# Tiny transluscent greenish bugs all over my Howeara Lava Burst flowers and new shoots



## ALToronto (Nov 27, 2014)

I have already posted this on OrchidBoard, so my apologies if you're seeing it twice.

These bugs don't seem to be eating anything, but they sure like to sit on the blooms! Even though the blooms are at the end of their life span and are about to drop. 

They also love the newest tips of soft-leaf plants such as stonecrop, baby's tears and leafy orchids. 

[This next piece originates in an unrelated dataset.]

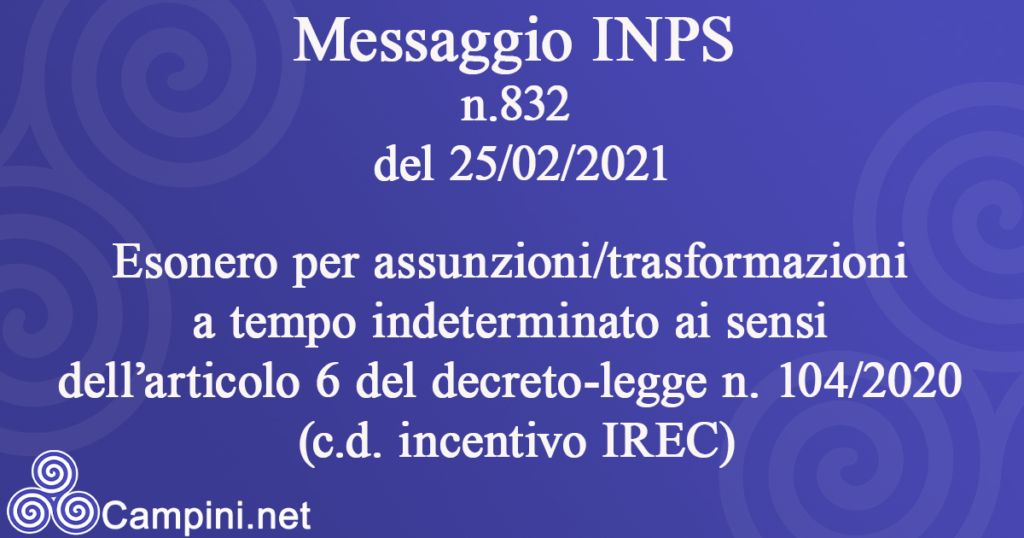 Messaggio INPS n.832 del 25/02/2021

Are they harmful? What should I use to get rid of them? I sprayed one of the Howeara flower spikes with SucraShield, and all it did was kill the flowers. The bugs were back within a couple of days. 

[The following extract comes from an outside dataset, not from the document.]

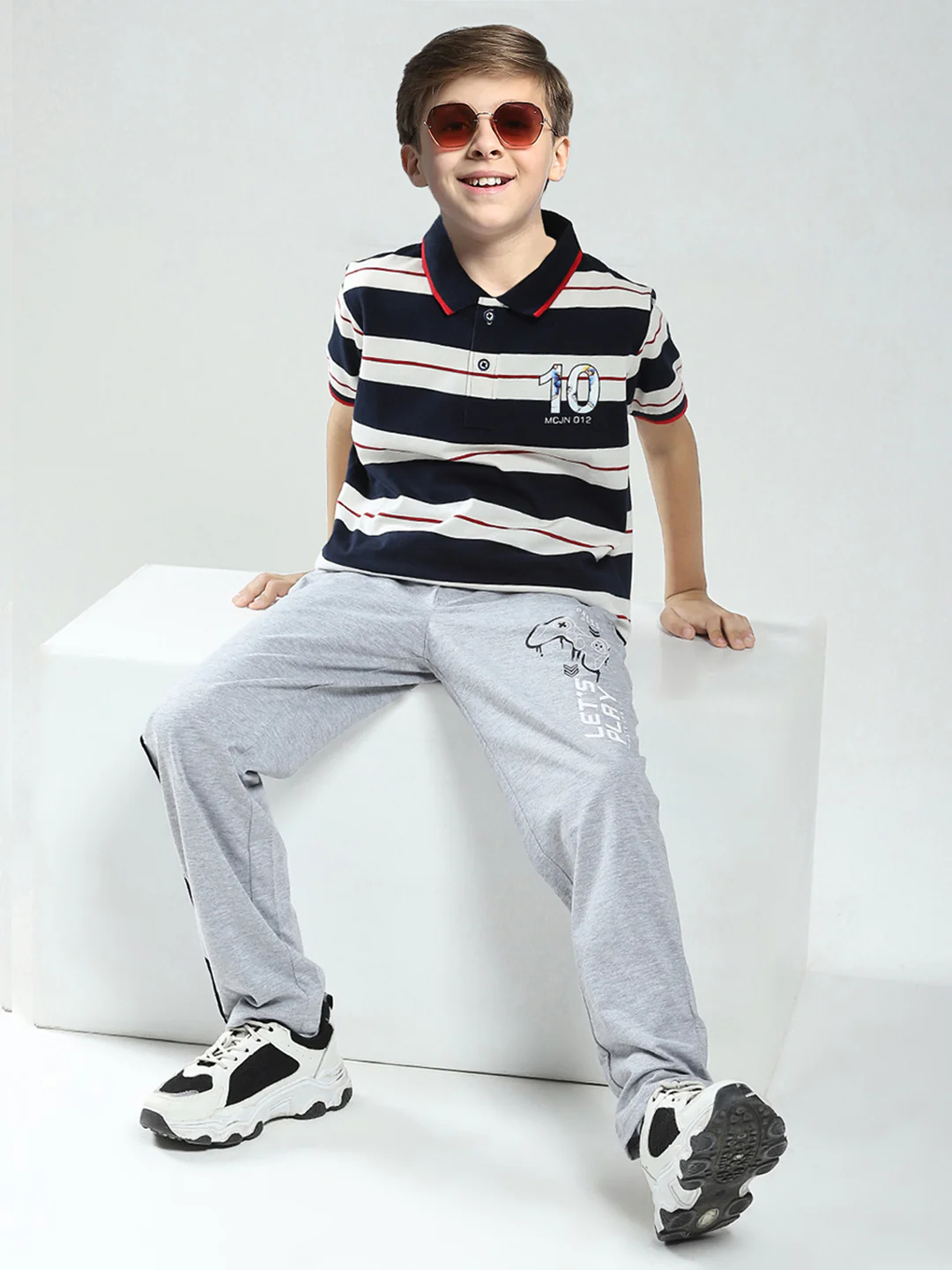 Boys Grey Printed Regular Fit Lower - Image 2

Here are some extreme close-up photos. The bugs are less than 1 mm long.


----------



## gonewild (Nov 27, 2014)

aphids


----------



## Justin (Nov 27, 2014)

Agree, aphids. Definitely harmful. Use a pyrethrine based spray to kill them.


----------



## ALToronto (Nov 27, 2014)

Thanks. So shouldn't SucraShield be effective against them? Ray?


----------



## NYEric (Nov 27, 2014)

Aphids. They will suck the nutrients out of the plant! Insecticidal soap, anything. Get rid of them.


----------



## Migrant13 (Nov 28, 2014)

You can start by knocking them off in the sink with a good stream of water. Then hit them with some insecticide. They are generally easy to kill.


----------



## Ray (Nov 28, 2014)

SucraShield, yes. A spray with isopropyl alcohol will kill adults.


----------